What to work on =
Set down exactly the lines in the records below that run from the line with "Topp - Jättefin" to the line with "Imagem de Placa", inclusive, and nothing more.

Extracted material =
[Start of section]

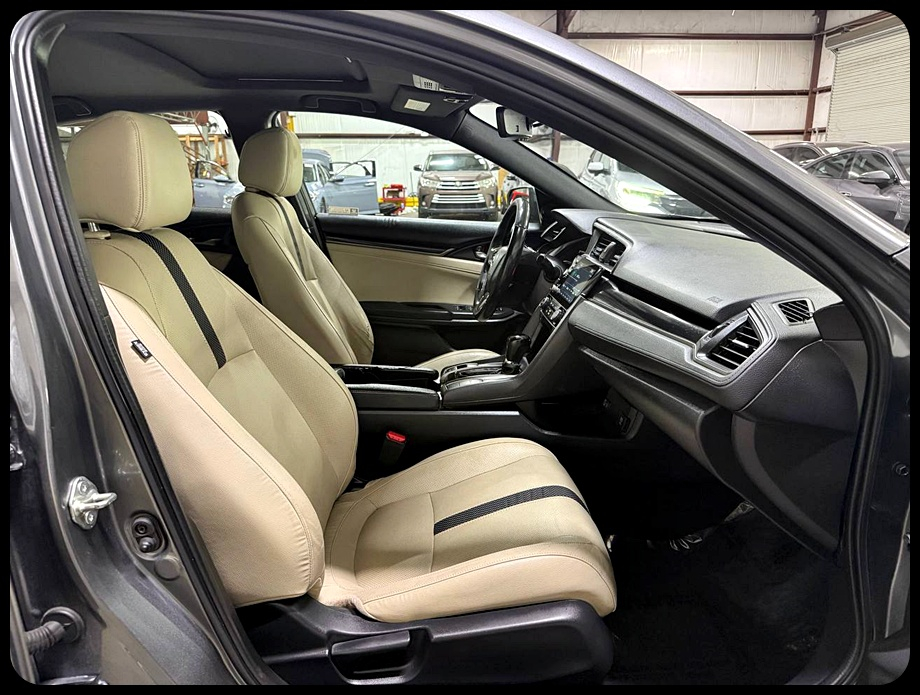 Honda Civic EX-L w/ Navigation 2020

[End of section]
[Start of section]

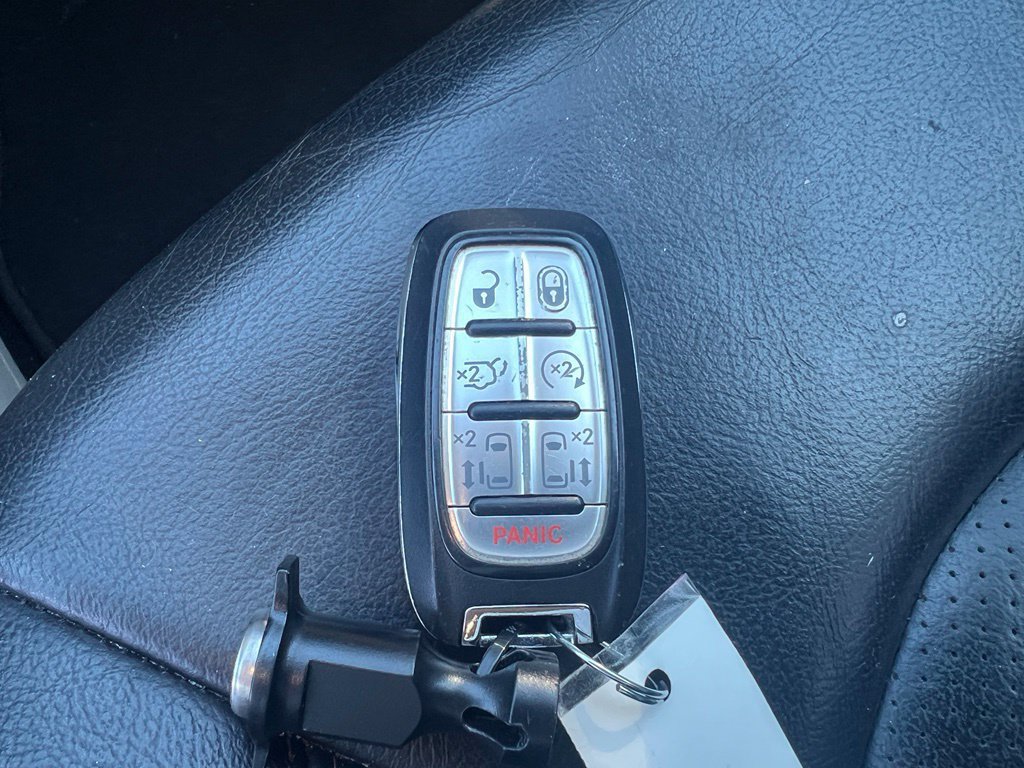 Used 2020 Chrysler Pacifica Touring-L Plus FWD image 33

[End of section]
[Start of section]

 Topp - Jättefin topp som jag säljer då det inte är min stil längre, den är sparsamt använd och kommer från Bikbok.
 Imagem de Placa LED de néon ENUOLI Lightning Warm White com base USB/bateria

[End of section]

Task output =
 Topp - Jättefin topp som jag säljer då det inte är min stil längre, den är sparsamt använd och kommer från Bikbok.
 Imagem de Placa LED de néon ENUOLI Lightning Warm White com base USB/bateria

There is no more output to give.